━━━━━ Input data ━━━━━
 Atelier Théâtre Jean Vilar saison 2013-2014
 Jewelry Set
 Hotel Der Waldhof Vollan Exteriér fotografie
━━━━━
• Task prompt
Each line of the data above is to be set down exactly.

• Expected answer
 Atelier Théâtre Jean Vilar saison 2013-2014
 Jewelry Set
 Hotel Der Waldhof Vollan Exteriér fotografie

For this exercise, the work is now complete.